• **Data excerpt**:
--------
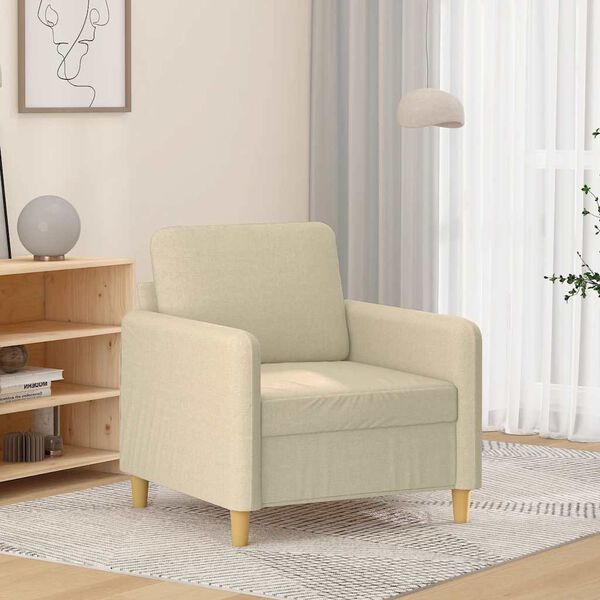 vidaXL Sessel Creme 60 cm Stoff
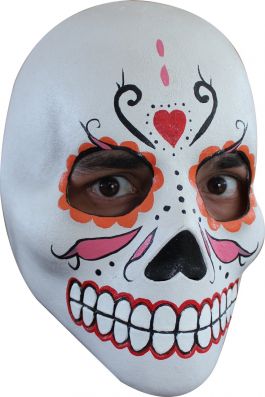 Volledig Hoofdmasker - Day of the Dead: Catrina Deluxe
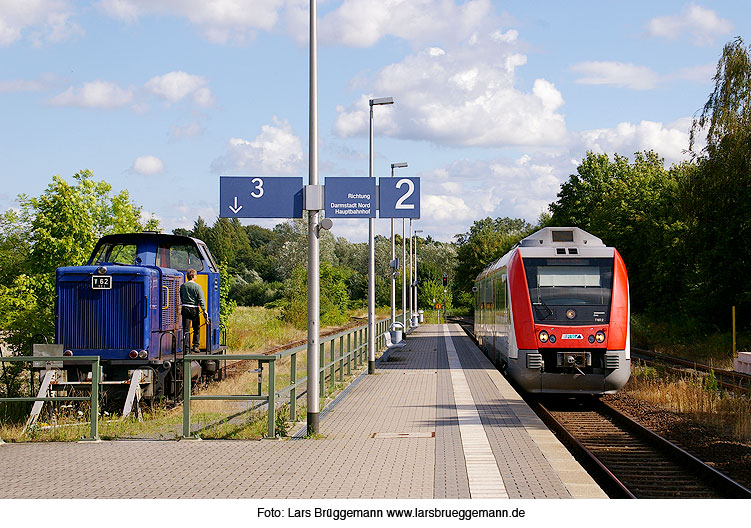 Vias Itino Triebwagen im Bahnhof Darmstadt Ost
--------
• **Work instruction**: Would you write out the data exactly, with no pictures in the copy?

• **Written response**:
 vidaXL Sessel Creme 60 cm Stoff
 Volledig Hoofdmasker - Day of the Dead: Catrina Deluxe
 Vias Itino Triebwagen im Bahnhof Darmstadt Ost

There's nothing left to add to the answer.